Deux mots caractérisent notre monde actuel : encombrement et désert. Notre société est suréquipée, suralimentée, surchargée, et elle produit des crises : les routes sont encombrées, les oreilles n’entendent plus par excès d’information, les estomacs sont lourds, les cerveaux sont inondés de nouvelles superflues. Et non loin de nos lieux de vie, c’est le manque, la pénurie, la faim, la soif, l’absence de vie ou la peur…

Au milieu de cela, un homme apparaît : Charles de Foucauld. D’où vient-il ? Issu d’une famille noble et aisée, il s’engage dans l’armée, malgré sa résistance à l’autorité et son goût pour les distractions mondaines. Et c’est au cœur de ce cadre de vie disciplinée qu’il découvre le vide de la vie. C’est une conversion foudroyante et un cheminement profond, en quête de sens et de vérité. Il sort des sentiers d’une vie tracée par l’armée, il fuit les promotions et se lance dans l’aventure d’une vie autre : il découvre le Maroc et un peuple religieux qui lui fait toucher du doigt la grandeur de Dieu… Il est marqué par l’expression de la pratique musulmane et la transcendance de Dieu…
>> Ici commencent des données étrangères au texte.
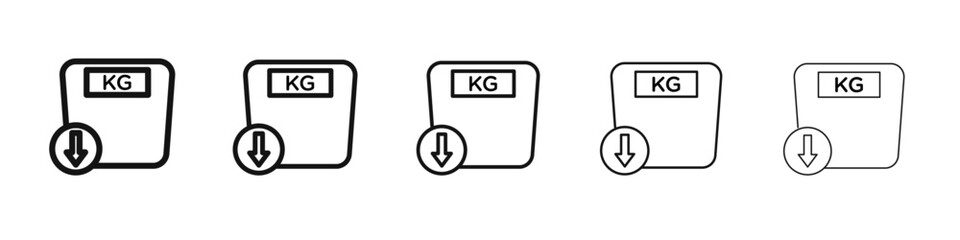 Weight loss icon vector outline set illustration sign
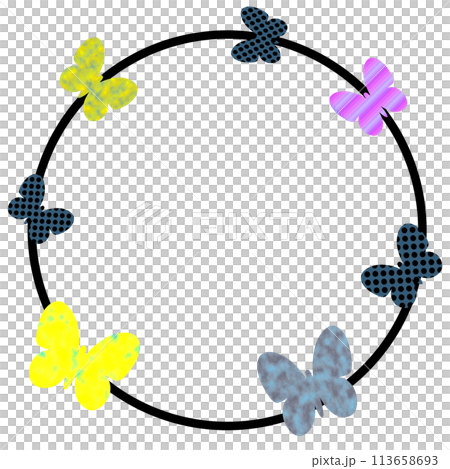 Circular frame with flying butterflies Circular frame with flying butterflies 113658693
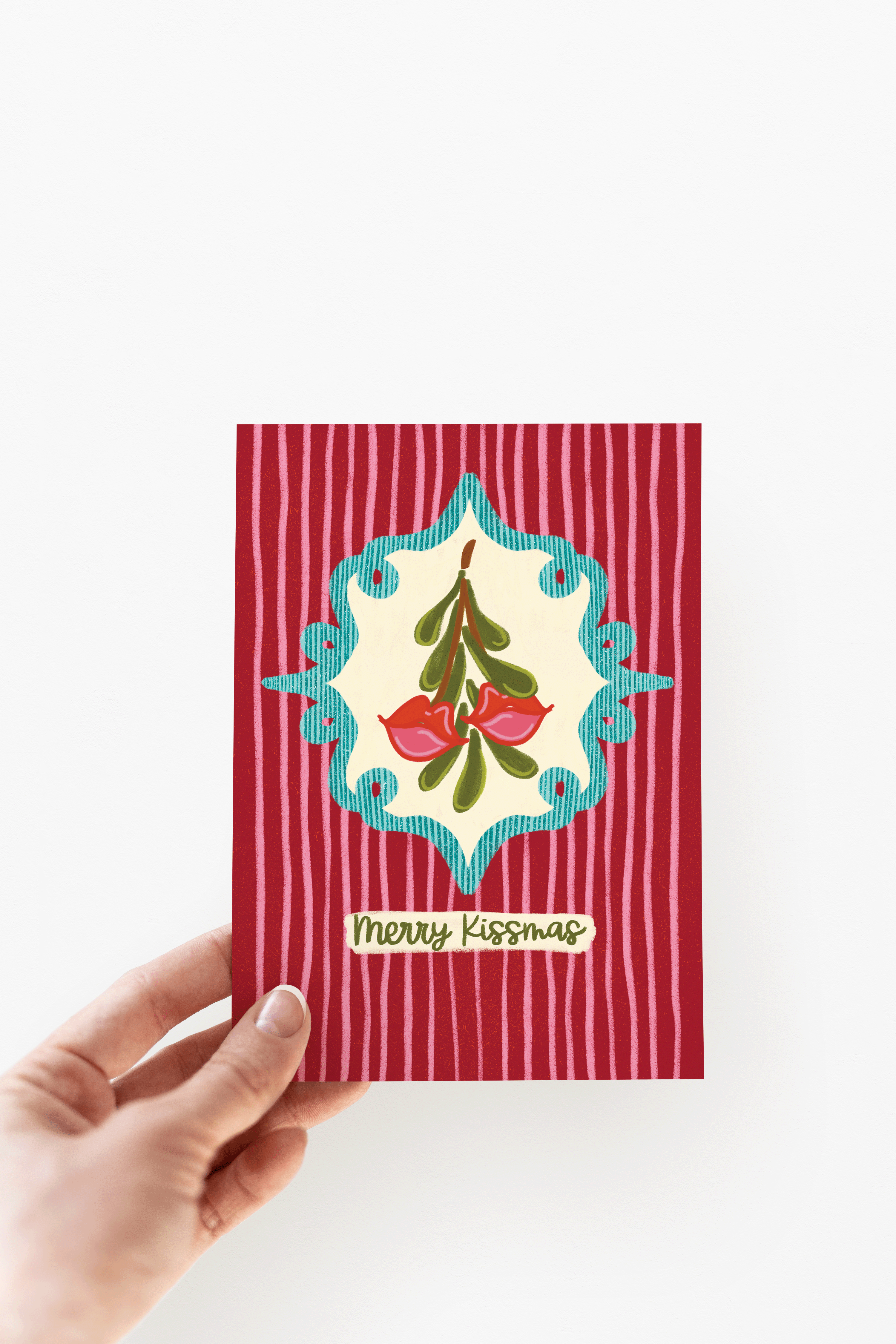 The Shelley Society - Wholesale Season's Greetings Card - Merry Kissmas Mistletoe Lips Kiss Holiday Love Greeting Card1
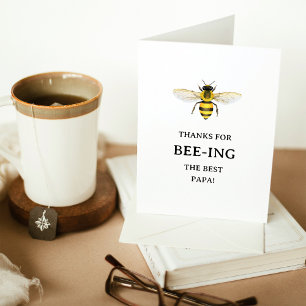 Das beste Papa   Eleganter Niedlicher Bienenvatert Feiertagskarte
Charles est touché par cette religion musulmane et vibre à l’Absolu de Dieu. Il déchiffre un monde qui aboutira plus tard, pour lui, à un travail sur la langue parlée des Touareg. Il facilitera la communication entre eux et avec lui. Avec patience et passion, et ce n’est pas la moindre des actions humanitaires, il révèle une culture, et une langue, il donne vie à un peuple. Et ce n’est pas la partie la plus connue de la vie de Charles de Foucauld.

Ses activités multiples et sans lien apparent ébauchent ce visage unique qui n’apparaîtra qu’en fin de vie : « Frère universel ». Il devient un homme parmi les humains, après de longs temps de recherche, sans aucune étiquette, simplement disciple de Jésus. Sa « forme de vie » accompagnée par le rare courrier de quelques témoins, constitue une innovation dans l’Eglise de son temps et interroge encore aujourd’hui. Il est travaillé par un immense amour de Dieu; et cela se révèle dans les rencontres et l’amitié sans frontière pour tous.

Désencombré à l’extrême et sans structure religieuse, c’est dans cette situation qu’il perçoit la grandeur de Dieu. Charles, à la suite de Jésus, voudra aimer toujours davantage.